Exercise details:
The expected output is an exact copy of the lines from the one containing "Crystal Black Pearl 2026 Honda Civic LX" through the final line of the entries below, with no images.

=======

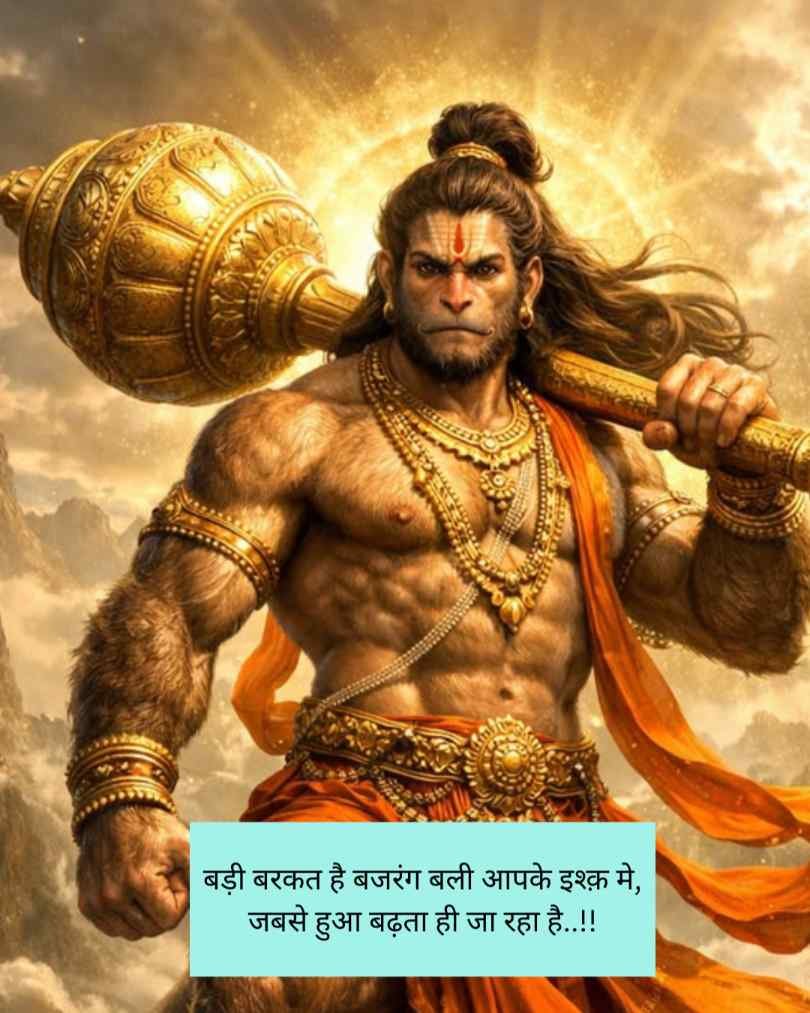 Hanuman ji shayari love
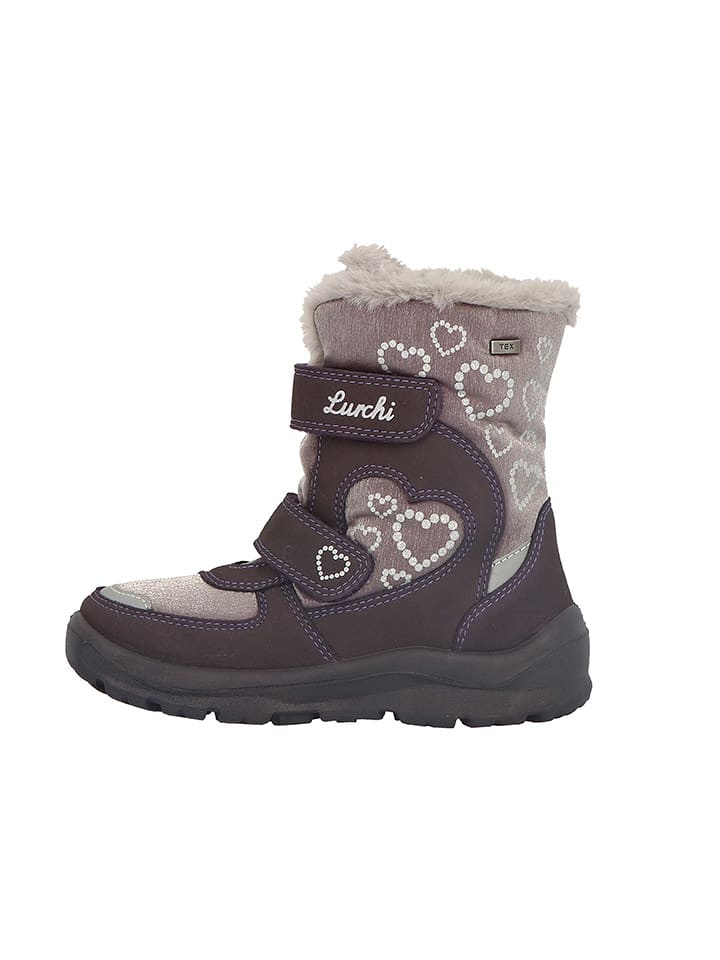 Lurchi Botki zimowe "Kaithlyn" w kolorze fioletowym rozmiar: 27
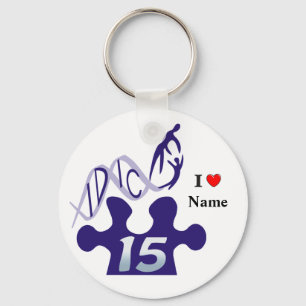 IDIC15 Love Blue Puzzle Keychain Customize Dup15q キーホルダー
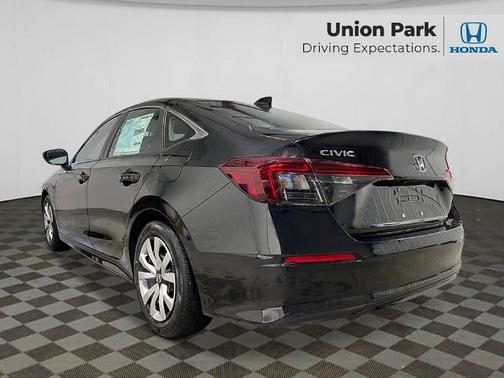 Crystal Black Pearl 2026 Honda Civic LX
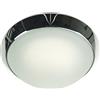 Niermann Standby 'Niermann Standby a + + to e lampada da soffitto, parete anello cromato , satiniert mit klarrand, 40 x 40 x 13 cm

=======

Answer area:
 Crystal Black Pearl 2026 Honda Civic LX
 Niermann Standby 'Niermann Standby a + + to e lampada da soffitto, parete anello cromato , satiniert mit klarrand, 40 x 40 x 13 cm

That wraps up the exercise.